The Carnegie Fellows award will provide critical support for Roberts’ work on “Behind the Screen: Digitally Laboring in Social Media’s Shadow World,” the first comprehensive academic study to focus directly on the work lives of human internet screeners. The monograph has been contracted for publication by Yale University Press. The award funding will provide time and support for Roberts’ research and writing, and further efforts to share the findings with academic audiences and the public.
Roberts joined the UCLA Graduate School of Education & Information Studies in 2016. Her research regarding the people and politics of social media has already drawn attention within academia and has generated significant public and policy interest. She has appeared more than 70 times in news outlets such as The New York Times, the Associated Press, Le Monde, The Economist, the BBC, the Los Angeles Times, Wired, the Washington Post and CNN, and others worldwide. She served as a consultant for and is featured in the documentary film “The Cleaners,” about commercial content moderation in the Phiilipines, and in March 2017, she authored a feature news article based on her research, “Social Media’s Silent Filter,” for The Atlantic magazine.
“From the very first day she was on campus, Sarah has made important contributions to our scholarship at UCLA and to the information fields,” said Jonathan Furner, the chair of the information studies department. “While her work is focused on the cutting-edge issues raised by new media and the internet, her research shares a common and important bond with scholars working to understand how information in all its forms is collected, preserved and accessed, and the implications for individuals, communities and societies.
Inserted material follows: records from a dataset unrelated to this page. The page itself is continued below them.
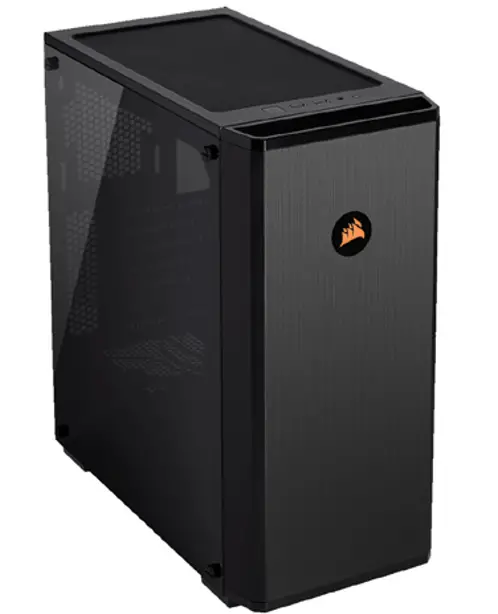 CORSAIR 175R Mid-Tower Gaming Case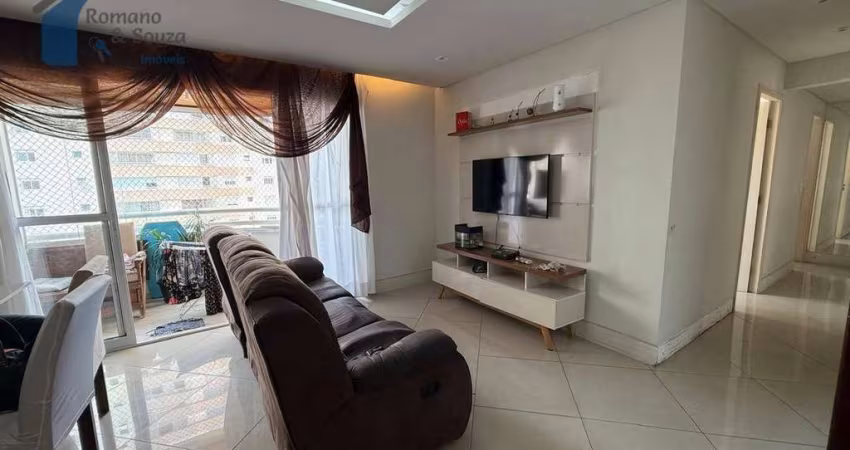 Apartamento com 3 dormitórios à venda, 94 m² por R$ 770.000 - Jardim Zaira - Guarulhos/SP
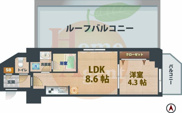 バウスフラッツ高円寺の画像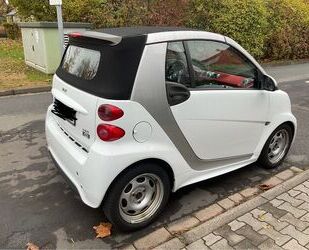 Smart Smart ForTwo Cabrio 1.0 52kW mhd Passion Gebrauchtwagen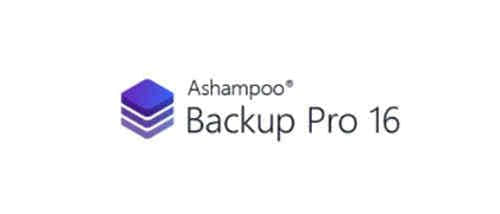 Ashampoo Backup Pro 16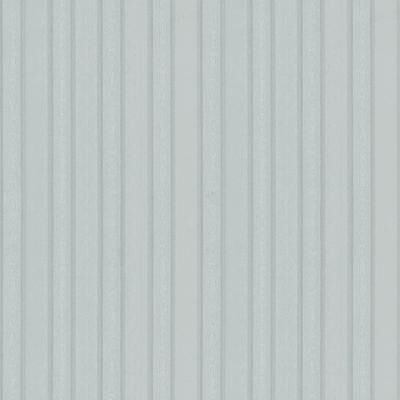 Sirpi Zeta Light Blue Moire Stripe Wallpaper - 20.9 x 396 x 0.025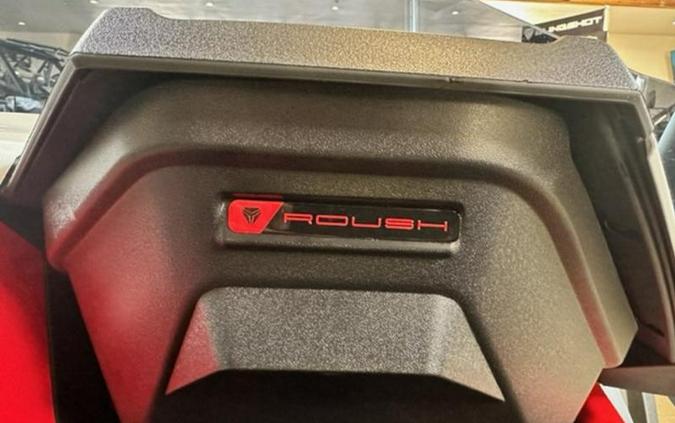 2024 Polaris® SLINGSHOT ROUSH AUTODRIVE, RACETRACK RED ROUSH® Edition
She is a tremendous asset to our department, our university and our field.”
With the support of the Carnegie Fellows award, Roberts’ work will continue to elucidate the people, practices and policies of online content, adding context and information about commercial content moderation and the changing labor norms, globalization and outsourcing trends of the digital world. In doing so, her work will illuminate and influence what content is available to whom, and to whose benefit, raising important questions about the nature of the internet and the risks and opportunities it poses.